É importante ressaltar que todos os episódios foram assinados por cineastas envolvidos com aquele criativo período de produção em que os filmes atingiam o público e se pagavam na bilheteria. Segundo uma breve apresentação feita no início do filme pelo professor, pesquisador e montador Máximo Barro, o Cinema da Boca deu certo porque os produtores enganavam os exibidores na hora de mostrar seus orçamentos, e os exibidores enganavam os produtores na hora de apresentar seus números de bilheteria. Ou seja, todos faziam vistas grossas e tudo acabava funcionando bem à brasileira. A maneira despojada, quase informal – digamos – pouco preocupada com formalismos e formalidades que caracterizava boa parte da produção da Boca, é aqui mimetizada e repetida.
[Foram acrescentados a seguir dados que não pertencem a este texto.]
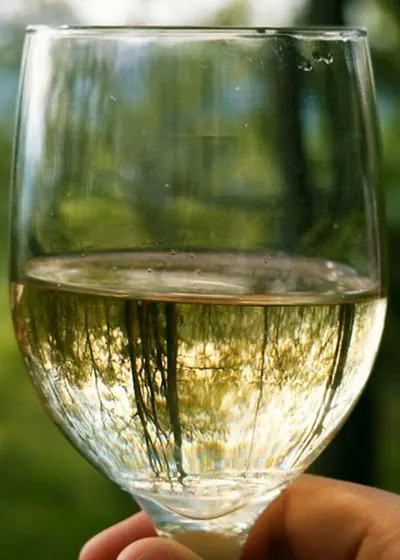 Wooden Wine Glass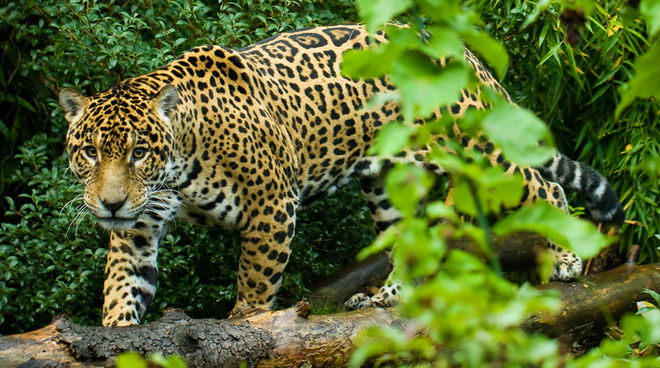 Jaguar adalah simbol hutan hujan dari Los Chimalapas (Foto: Mat Hayward) Jaguar di hutan hujan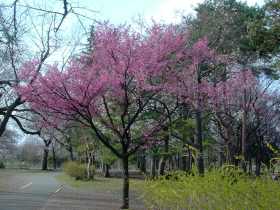 sakura/0296-28.jpg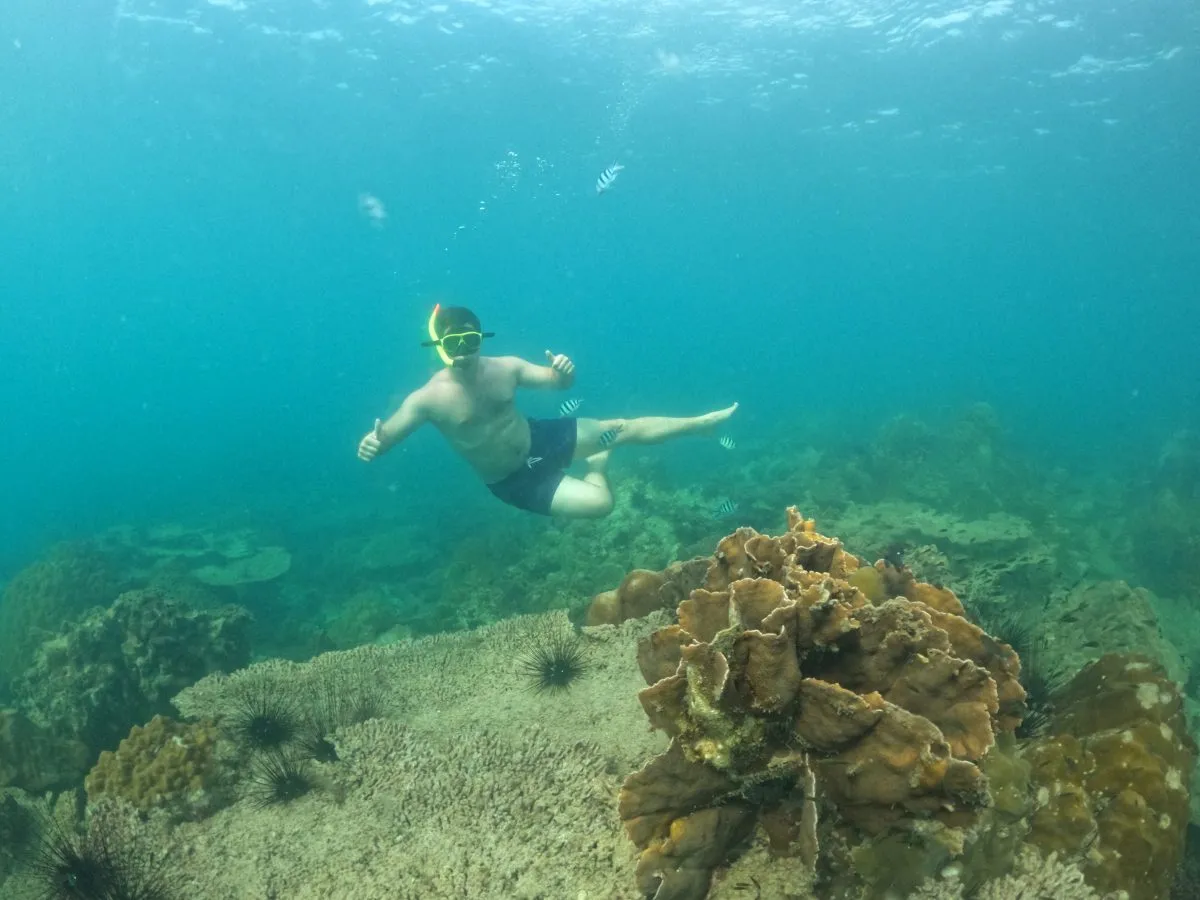 shairbuay customer talu island30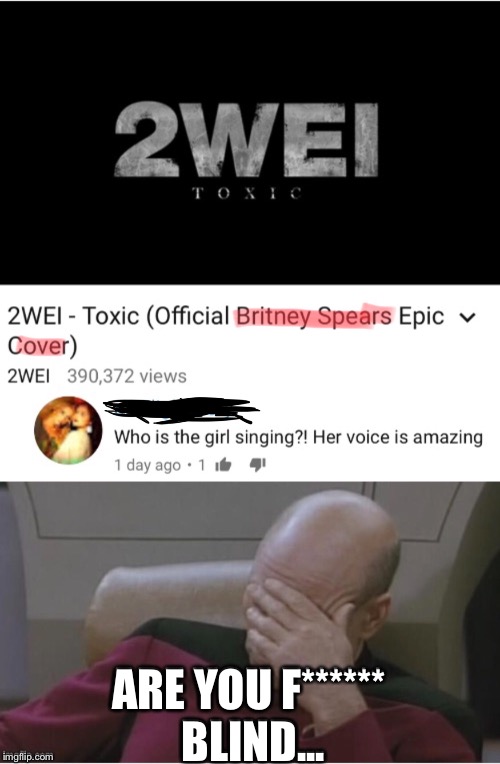 Real Youtube video, real comment, REAL PEOPLE HAS COMMENTED THIS!!! | ARE YOU F****** BLIND... | image tagged in captain picard facepalm,funny,memes,facepalm,youtube,youtube comments | made w/ Imgflip meme maker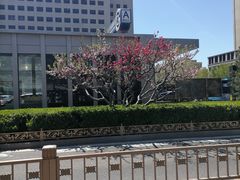 -军事博物馆(地铁站)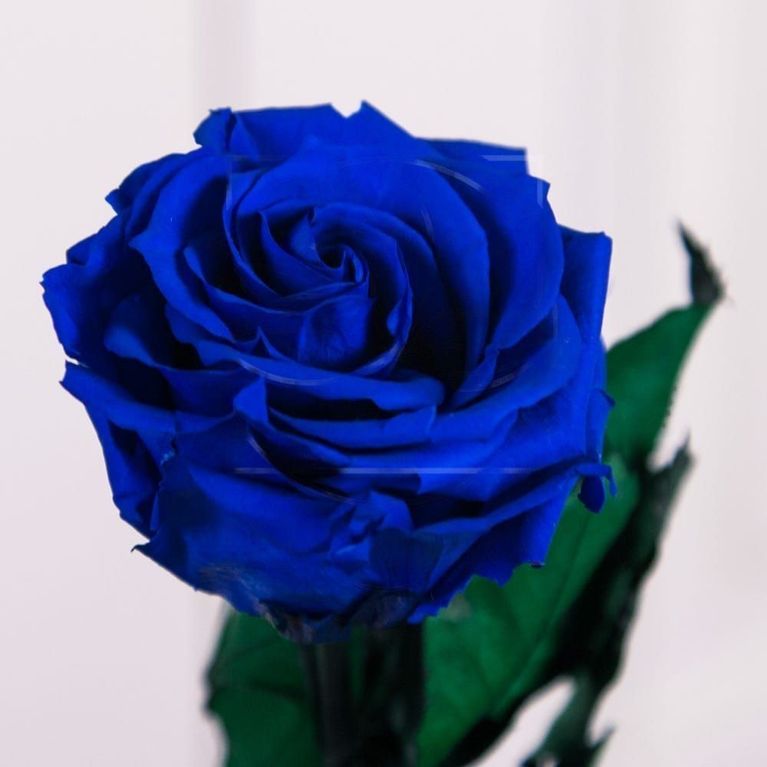 Стабилизированная синяя роза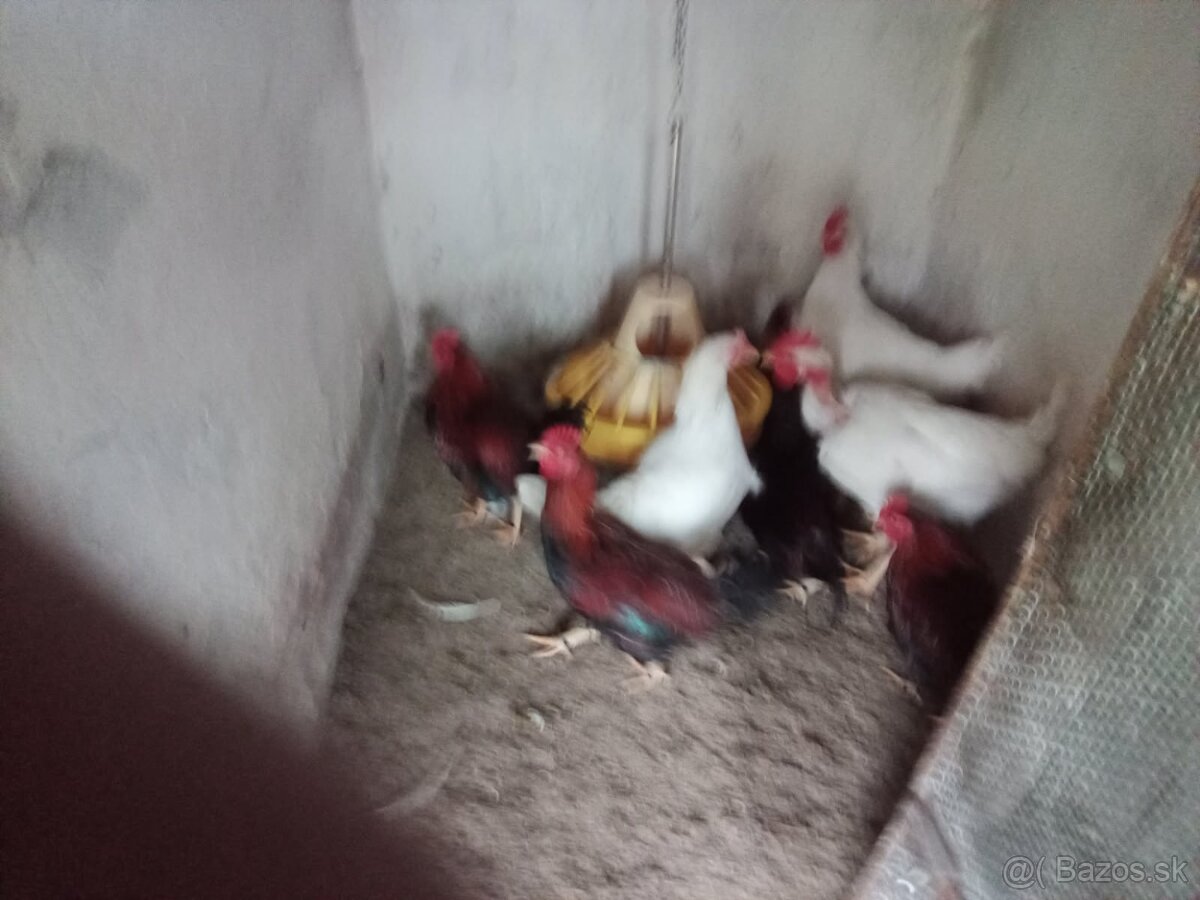 Mladé sliepky a kohuty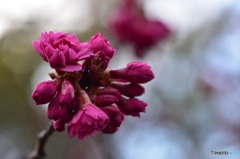 寒緋桜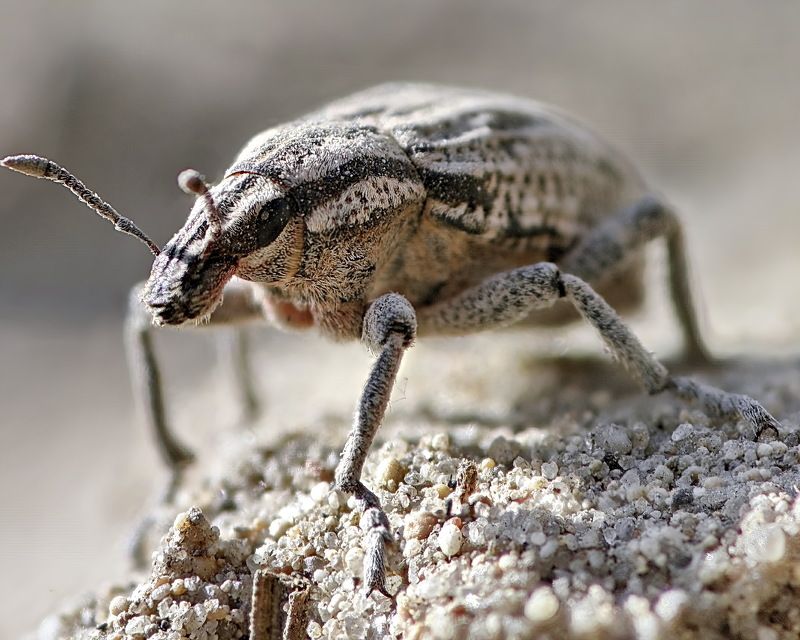 Долгоносик Pleurocleonus sollicitus фото превью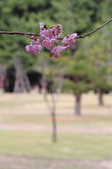 Enlarge photo 99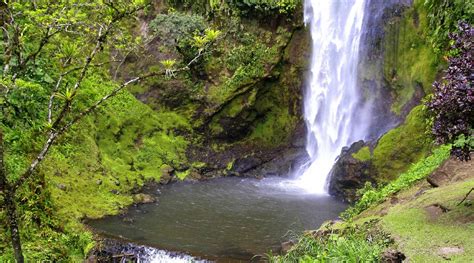 RELAXED BOUTIQUE LIVING IN LUSH GARDENS, PERFECTLY LOCATED IN PLAYAS ...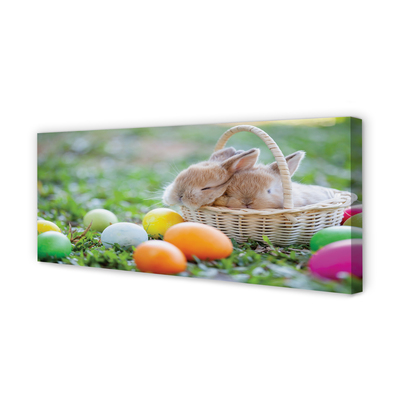 Obrazy na plátně králíci vejce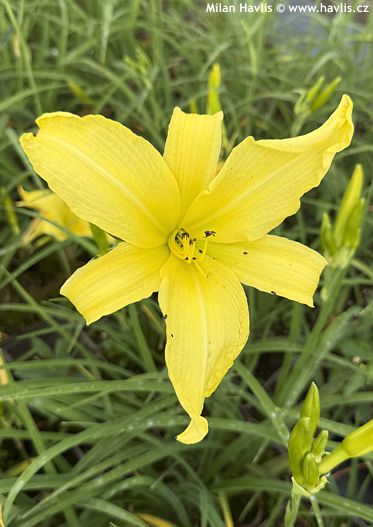 Hemerocallis citrina 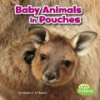 Baby_animals_in_pouches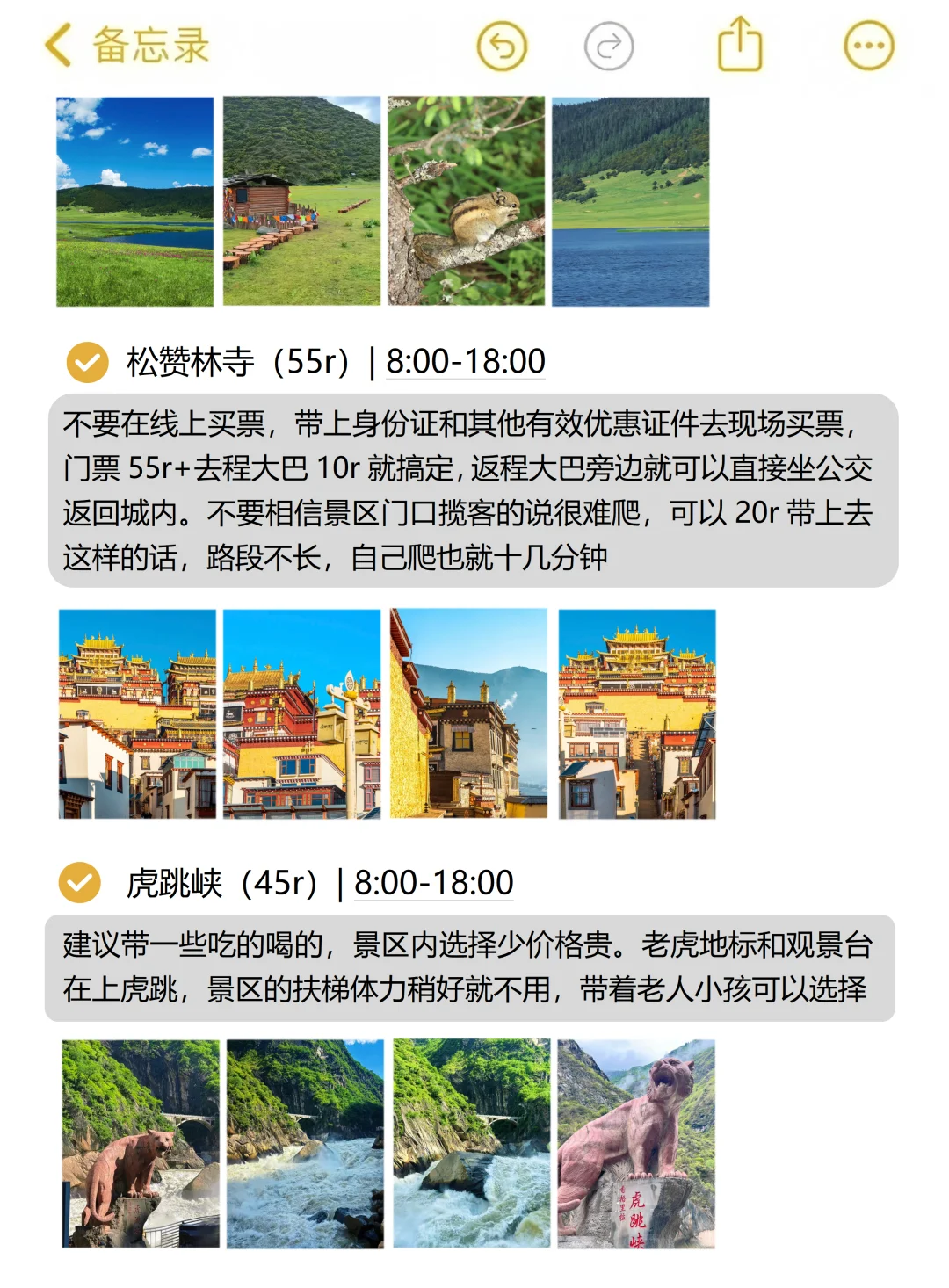 本J人做的云南旅游攻略已经next level了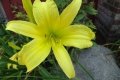 DSC09727
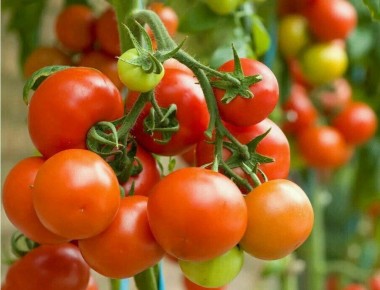 Аспирин для томатов: как добиться рекордного урожая до 19 кг с квадратного метра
Serve como uma homenagem ao estilo da época que pode surpreender os mais jovens, mas que não deixa de ser o resgate formal de todo um período.

 

Os oito episódios de “Memórias da Boca” são:

 

Amigas para Sempre – comédia de Alfredo Sternheim com Elisabeth Hartmann e Neide Ribeiro. Elas interpretam duas atrizes do cinema da Boca que se encontra em um café. A conversa, inicialmente fraterna em meios às lembranças, descamba para uma intensa discussão.

 

Passagem de Tempo – documentário de Mário Vaz Filho. O diretor narra o surgimento da Embrapi, produtora independente formada por dez cineastas da Boca para ser uma alternativa às empresas tradicionais. Homenageia aos falecidos Ody Fraga, Jean Garrett, Antonio Moreiras e Cláudio Portioli.

 

Bangue-bangue – de Valdir Baptista. Com Walter Vanny e José Indio Lopes. Diálogo nostálgico e descontraído entre dois técnicos e atores faz evocação da feitura dos westerns no Cinema da Boca. Cenas de filmes e depoimento do crítico Rodrigo Pereira e Mário Vaz Filho.

 

Entrando pelo Cano – comédia de Tony D´Ciambra, com Amanda Banffy, Eduardo Silva, Gilda Vandenbrande, Zé da Ilha. Um encanador, por engano, vai parar em um prostíbulo da Boca do Lixo onde uma atendente o trata como cliente agendado para condutas bizarras.

 

Triumpho 134 – Os Cineclubes na Boca do Lixo – de Diogo Gomes dos Santos. Com imagens da época e depoimentos de Alain Fresnot, André Gatti, entre outros, o filme resgata a importância do movimento cineclubista no local e na época da ditadura militar.

 

Experiência Macabra – de Clery Cunha. Com cenas de Joelma, 23º andar, que dirigiu em 1980, o cineasta Cunha lembra um fato cômico envolvendo o ator Carlos Marques durante as filmagens em um depósito funerário.

 

Autofilmagem – de José Mojica Marins. Um passeio atual com José Mojica Marins pela rua do Triunfo.  Ele discorre sobre a importância e a versatilidade do cinema da Boca, lembra também a solidariedade que existia e que ajudou a viabilizar vários projetos de muitos cineastas.

 

Mil Cinemas – de Diomédio Piskator. Com Debora Muniz, Mel Lisboa, Carla Gobbi, Beto Magnani, Osvaldo Gonçalves, Juan Carlos Alarcón, Wilson Sampson e outros. Metalinguístico, encena em linguagem fragmentada e humor, os bastidores de uma filmagem atual na Boca do Lixo.

 

Ah, assim como acontecia com os filmes da Boca do Lixo daquela época, este também não conta com apoios estatais e grandes patrocinadores oficiais. Autenticidade a toda prova.